◆ Work instruction ◆
Please give back each entry below unaltered, leaving the pictures out.

Short web captions
========
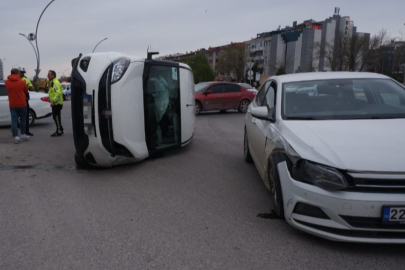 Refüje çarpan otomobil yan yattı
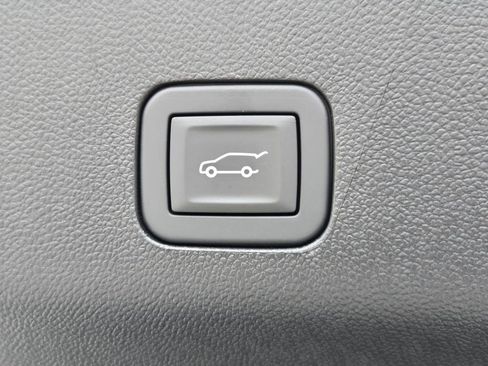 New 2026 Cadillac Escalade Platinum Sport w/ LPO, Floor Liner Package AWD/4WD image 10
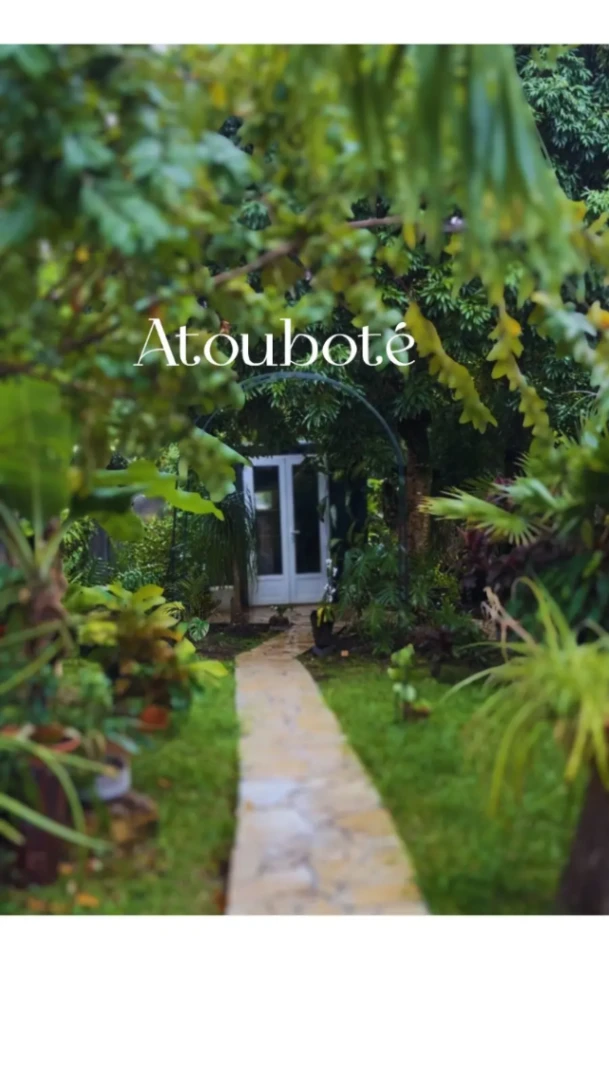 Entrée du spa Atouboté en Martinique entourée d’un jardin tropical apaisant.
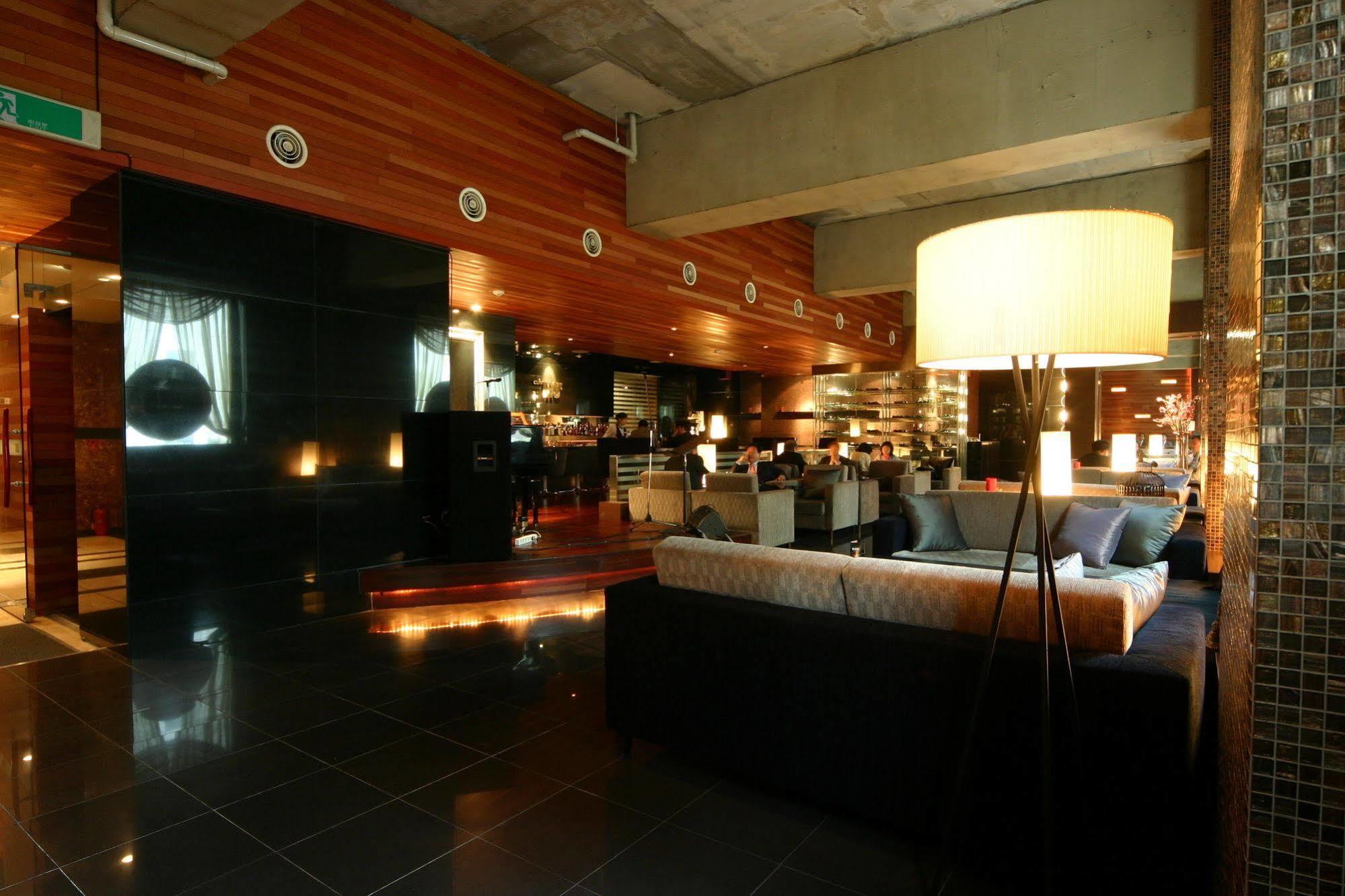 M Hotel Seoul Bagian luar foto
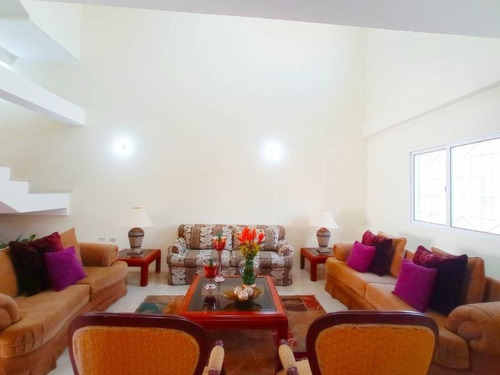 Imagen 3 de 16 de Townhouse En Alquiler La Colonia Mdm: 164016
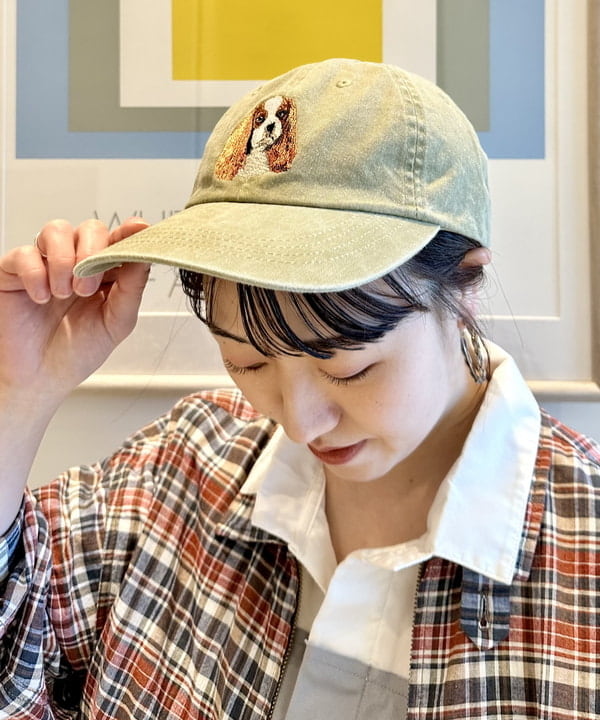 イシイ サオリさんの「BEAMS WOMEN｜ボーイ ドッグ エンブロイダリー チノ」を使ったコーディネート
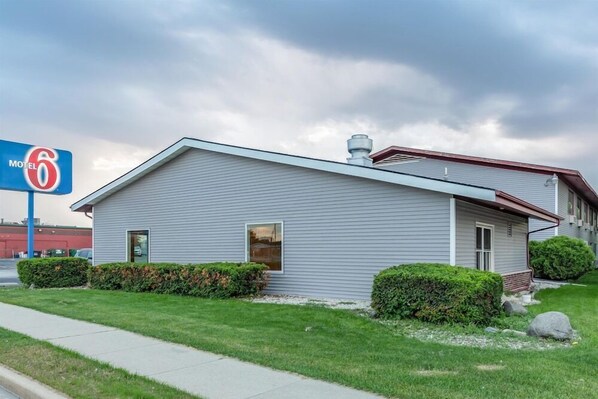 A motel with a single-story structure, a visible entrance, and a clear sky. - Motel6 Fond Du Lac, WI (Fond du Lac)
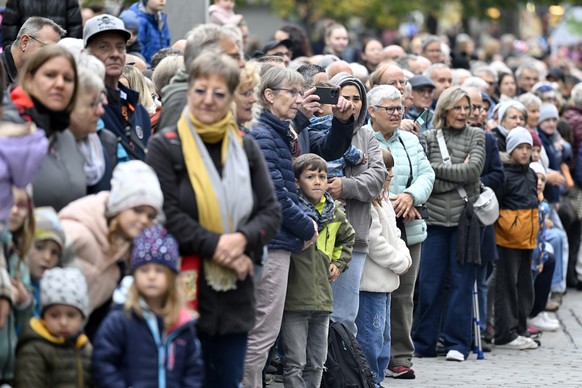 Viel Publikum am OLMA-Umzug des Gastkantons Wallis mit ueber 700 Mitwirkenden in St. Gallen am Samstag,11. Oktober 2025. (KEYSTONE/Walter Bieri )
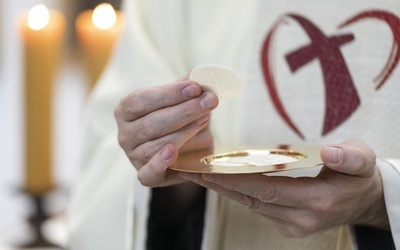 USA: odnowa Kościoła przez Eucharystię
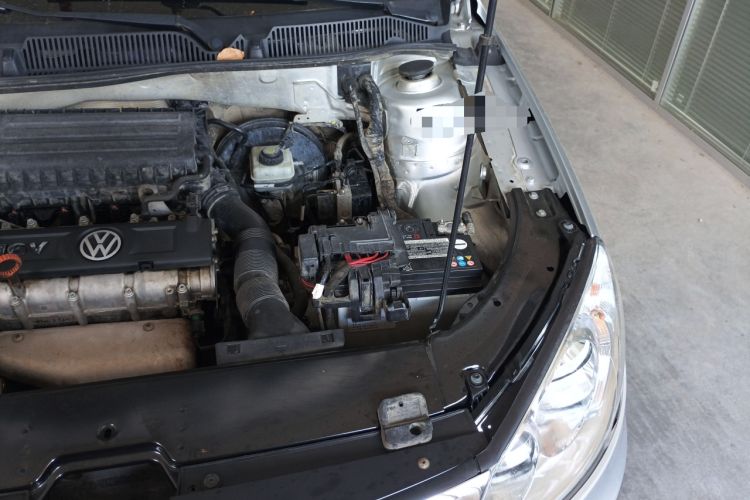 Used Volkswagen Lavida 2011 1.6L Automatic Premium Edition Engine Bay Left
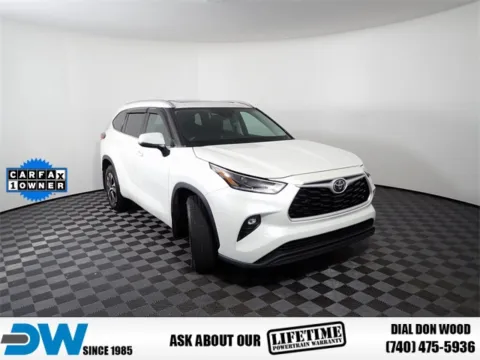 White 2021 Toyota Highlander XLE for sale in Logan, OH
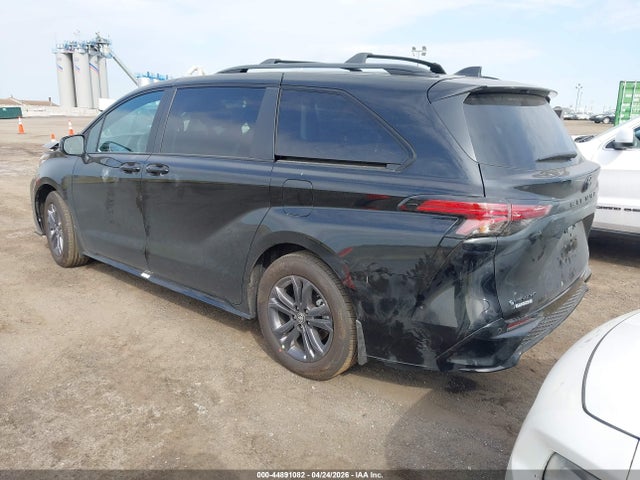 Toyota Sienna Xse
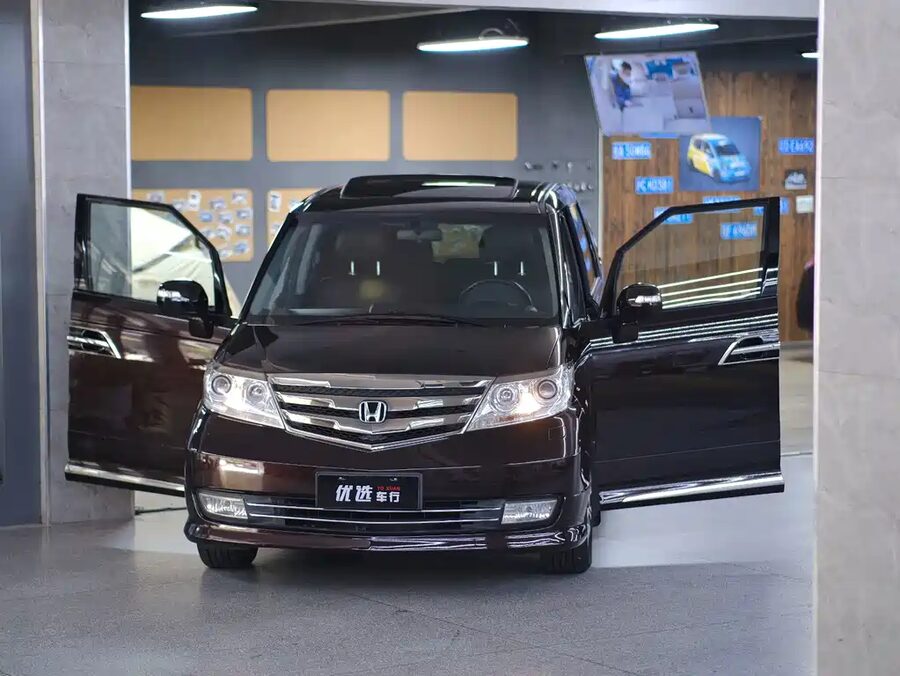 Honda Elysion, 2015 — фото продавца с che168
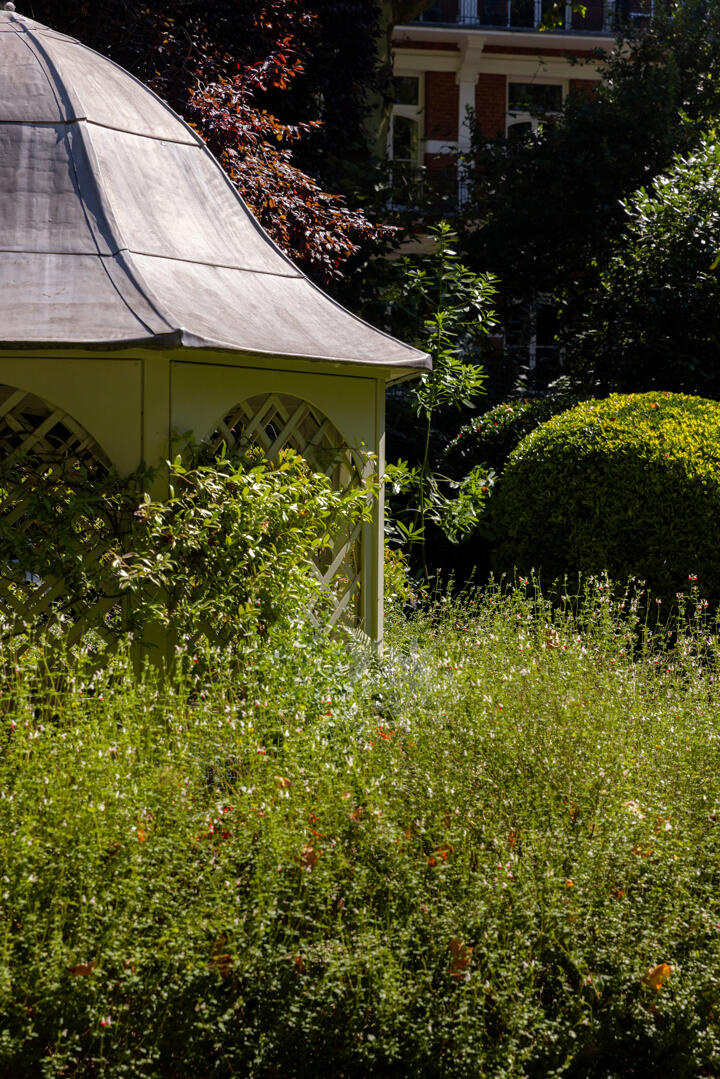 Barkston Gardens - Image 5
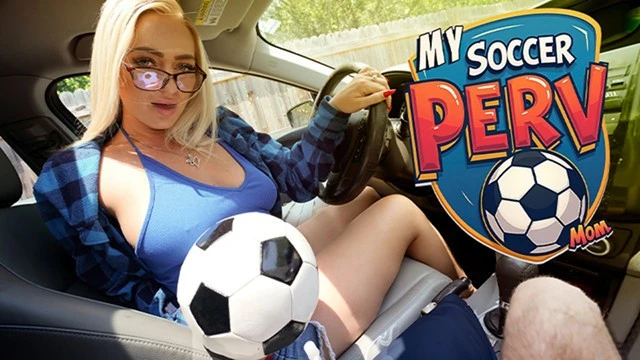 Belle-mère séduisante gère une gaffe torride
========
◆ Exercise response ◆
 Refüje çarpan otomobil yan yattı
 New 2026 Cadillac Escalade Platinum Sport w/ LPO, Floor Liner Package AWD/4WD image 10
 Entrée du spa Atouboté en Martinique entourée d’un jardin tropical apaisant.
 M Hotel Seoul Bagian luar foto
 Imagen 3 de 16 de Townhouse En Alquiler La Colonia Mdm: 164016
 イシイ サオリさんの「BEAMS WOMEN｜ボーイ ドッグ エンブロイダリー チノ」を使ったコーディネート
 A motel with a single-story structure, a visible entrance, and a clear sky. - Motel6 Fond Du Lac, WI (Fond du Lac)
 Viel Publikum am OLMA-Umzug des Gastkantons Wallis mit ueber 700 Mitwirkenden in St. Gallen am Samstag,11. Oktober 2025. (KEYSTONE/Walter Bieri )
 USA: odnowa Kościoła przez Eucharystię
 Used Volkswagen Lavida 2011 1.6L Automatic Premium Edition Engine Bay Left
 White 2021 Toyota Highlander XLE for sale in Logan, OH
 Toyota Sienna Xse
 Honda Elysion, 2015 — фото продавца с che168
 Barkston Gardens - Image 5
 Belle-mère séduisante gère une gaffe torride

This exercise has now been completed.